__Given entries__.
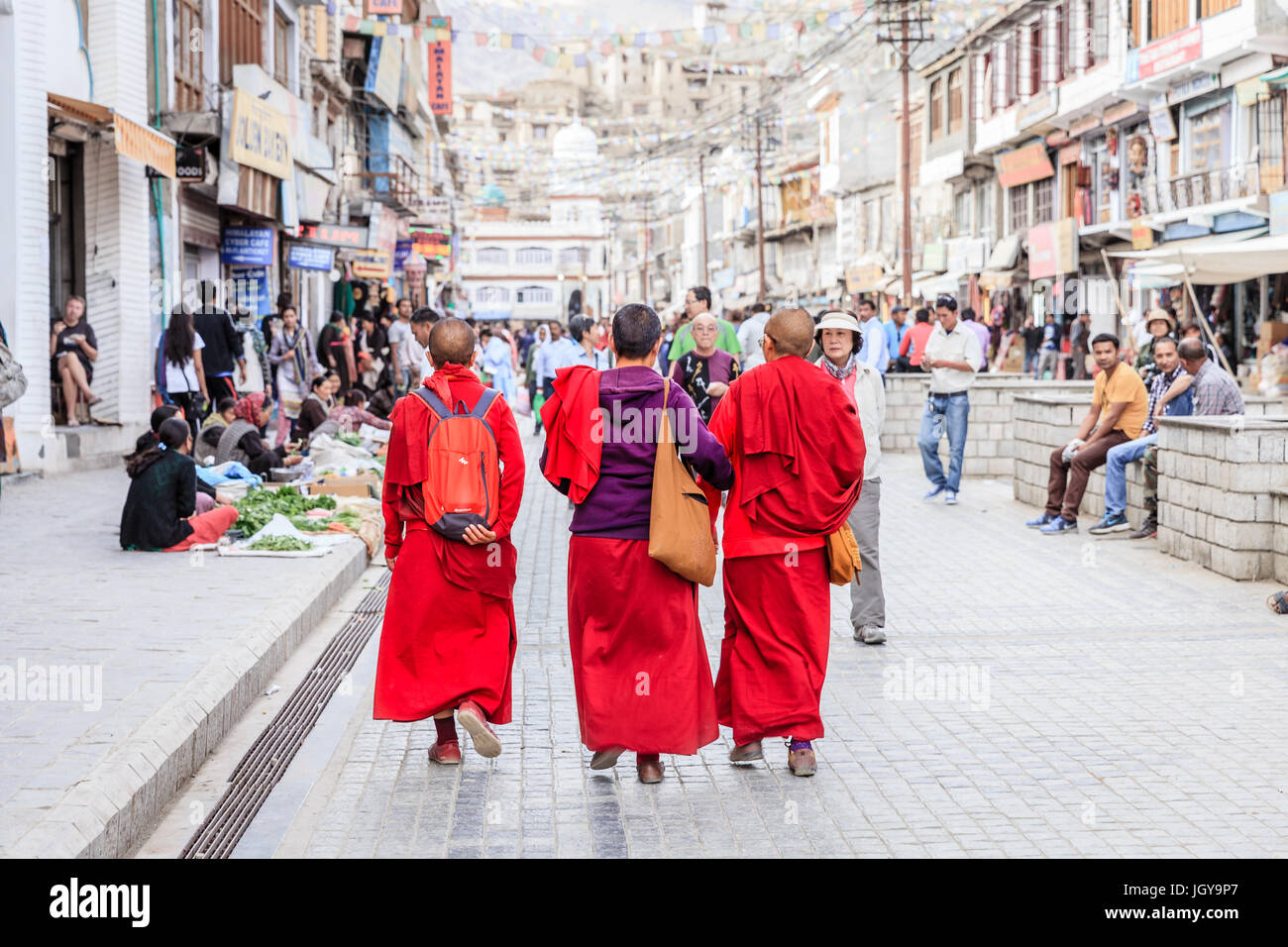 Leh, Ladakh, India, July 12, 2016: three Buddhist monks walking on the main shopping street in Leh, Ladakh district of Kashmir, India Stock Photo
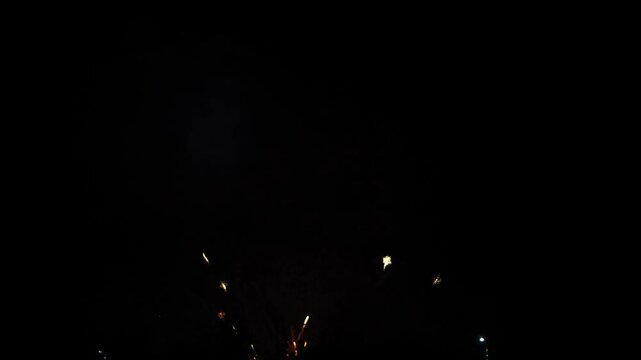 red blue and lilac sparks scattering fireworks on the black night sky above the city. General plan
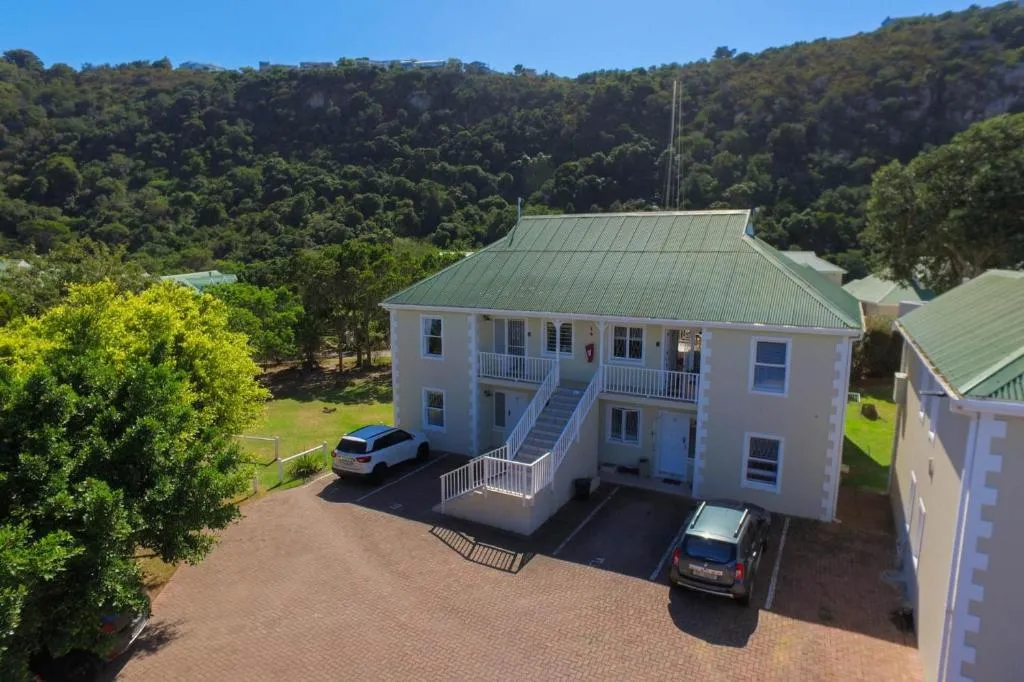 Aerial view of the house entrance with a staircase and cars parked below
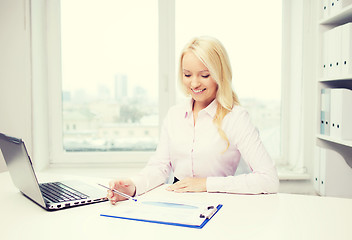 Image showing smiling businesswoman reading papers in office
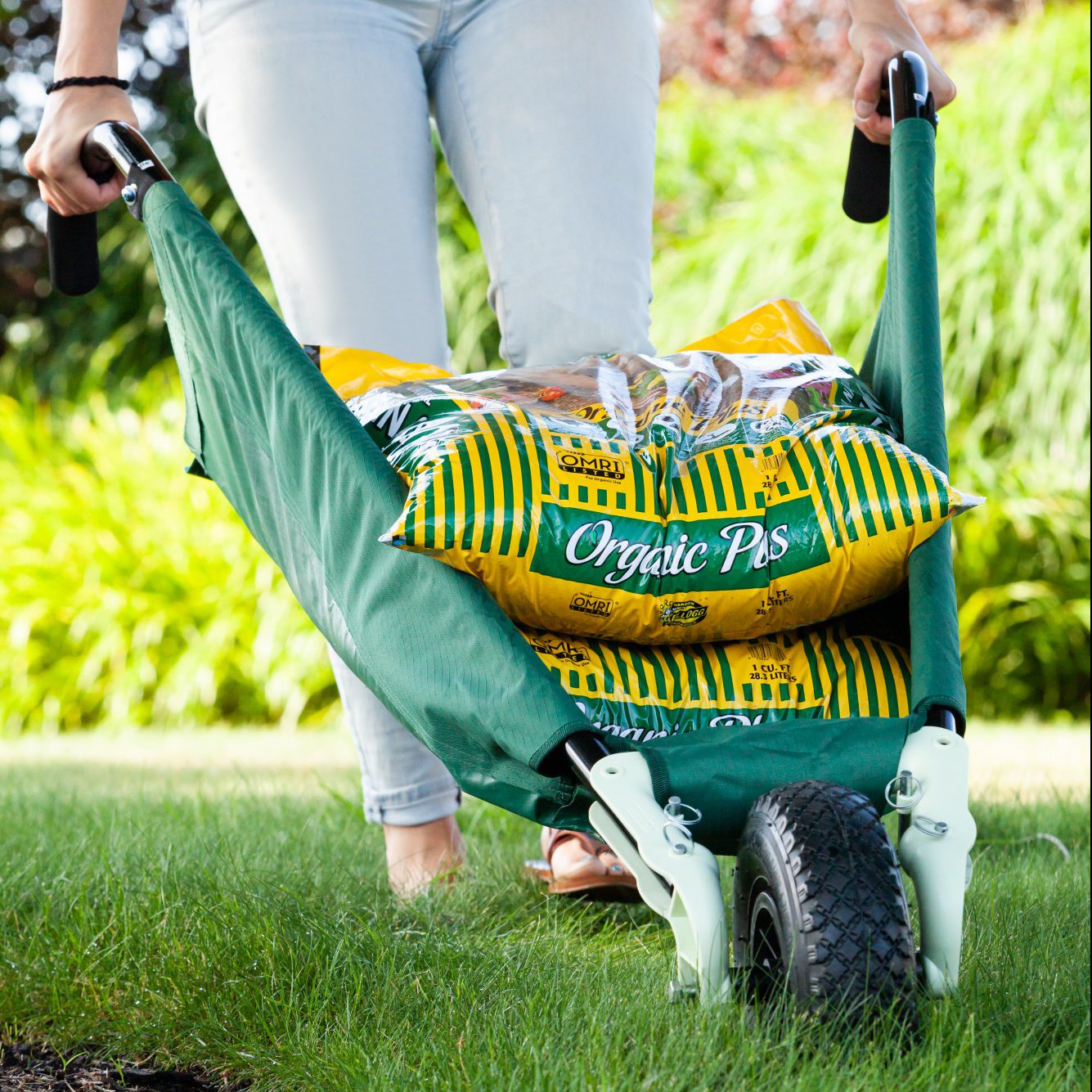 Allsop Home & Garden WheelEasy LE foldable garden cart wheelbarrow with sturdy handles and large wheel for easy gardening tasks.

__Problem details__. The answer must consist only of the lines from the beginning of the entries above through the line that holds "red blue and", reproduced exactly and without pictures.

__Finished exercise__.
 Leh, Ladakh, India, July 12, 2016: three Buddhist monks walking on the main shopping street in Leh, Ladakh district of Kashmir, India Stock Photo
 red blue and lilac sparks scattering fireworks on the black night sky above the city. General plan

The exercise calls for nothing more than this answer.